1. Can you tell us about the origin of “Mercy”?  Where did this piece begin for you, and how did it get to here?

I wanted to write a story that captures the feeling of simultaneous revulsion and attraction, the experience of flinching in the face of intimacy. I started with Nina’s voice and a few images: Sergei’s bedroom with the kinky modifications, Nina’s forced smile for the group photo, a dead deer bloodying a snow bank. For me, writing fiction involves crawling under my characters’ skin, connecting with them through empathy, and then sneaking away. It’s sort of like when scientists tag wild animals with tracking chips. My characters carry on with their lives, but I maintain that connection—I can feel them, but they don’t know that I’m there.

2. I love this story’s honest exploration of intimacy’s liberating and oppressive aspects.  Nina tells us that Sergei’s “warmer, spongier qualities” are scaring her off, that he “modified his apartment for me with hooks in the ceiling and the floor, ropes bought at Home Depot, an attempt to meet my fetishes halfway.”  To her, even Sergei’s native language, Ukrainian, is intolerably intimate, sounding “nonsensical and made-up, as though invented by identical twins.”  At what stage do you discover the ideas that your fiction is engaging?  And what do you do then?

The ideas in this story presented themselves first, and led me to these characters. The dynamic between Nina and Sergei gives life to ideas about intimacy, fear, sexual attraction, and control, and all of that is the natural result of these two people coming together.

Everyone wants to be desired, but no one wants to be desired too much. “Mercy” is a love story, but with romance in the background, and discomfort up front. Sergei and Nina crave each other intensely, but each of them wants what the other wishes to withhold. Some would assume that a relationship involving power struggles is doomed, but in the case of these two, it is exactly right. Their disturbances are compelling to one another. Nina needs to fear Sergei in order to respect him, and in the end his actions make that possible. Sergei needs Nina to express her longing for him, and that is what he ultimately earns. There is unspeakable need, for both of them, to be together.

3. The ending of “Mercy” is powerful.  In the second-to-last paragraph, Nina thinks, “I will let him inside,” and the reader, who’s been pulling for this couple, rejoices—but the story pushes past this patch of hope: while driving, Nina and Sergei see two women stranded on the side of the road.  Although Sergei wants to stop and help, Nina persuades him—in a striking way—to keep driving, to abandon the women “in the midst of their struggle.”  This action, and the image that results, resonate.  As a writer, how do you find your endings?  What do you look for?

This story had three different endings over about six months before I finally landed on this one.
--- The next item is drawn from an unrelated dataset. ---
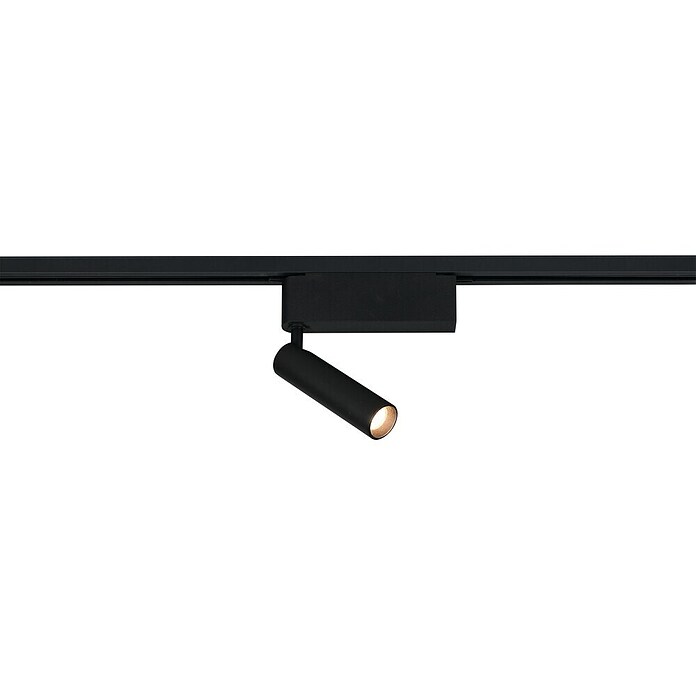 Trio Lighting DUOline Led-plafondspot Ambala (l x b x h: 4 x 19 x 16,5 cm, Metaal, Zwart) | BAUHAUS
I had to take time away from it in order find the image that would best express what I wanted to say about Nina and Sergei. I suppose that I often try to end that way—a sort of freeze-frame image that, hopefully, deepens the readers’ understanding of all that came before, and what will come next.
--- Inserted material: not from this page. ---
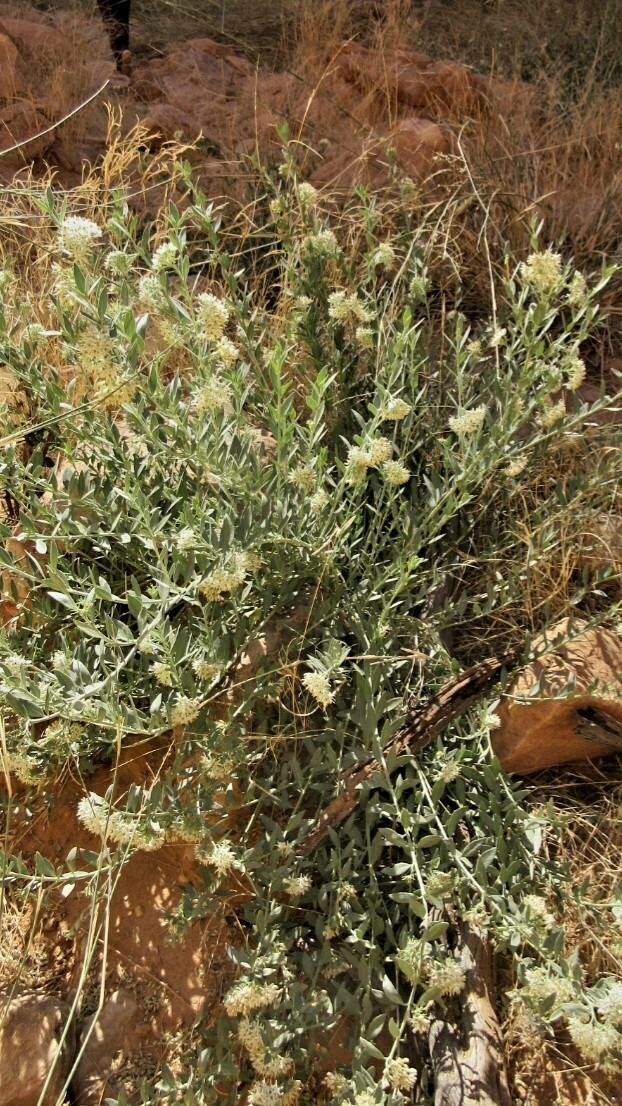 Solenostemma arghel flower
Some of my favorite story endings depict a beautiful moment with a very short lifespan. The past and the future are bearing down. As a reader you just want to hold on, but you also know it’s time to go, to get out before the whole house comes crashing down. Those endings gave me inspiration while finishing “Mercy.” 

4. What other writing projects are you working on right now?

I’m writing a novel.

5. What great books have you read recently? Are there any upcoming releases you're excited about?

Until recently I’d only read a handful of Nabokov’s short stories, so I’m making my way through those, which is exciting. One of the best books I’ve read in the last few months was Chess Story by Stefan Zweig. I absolutely loved Michael Kimball’s Big Ray and Padgett Powell’s You and Me. Next on my list are Susan Steinberg’s Spectacle and Rivka Galchen’s Atmospheric Disturbances both of which I couldn’t be more excited about.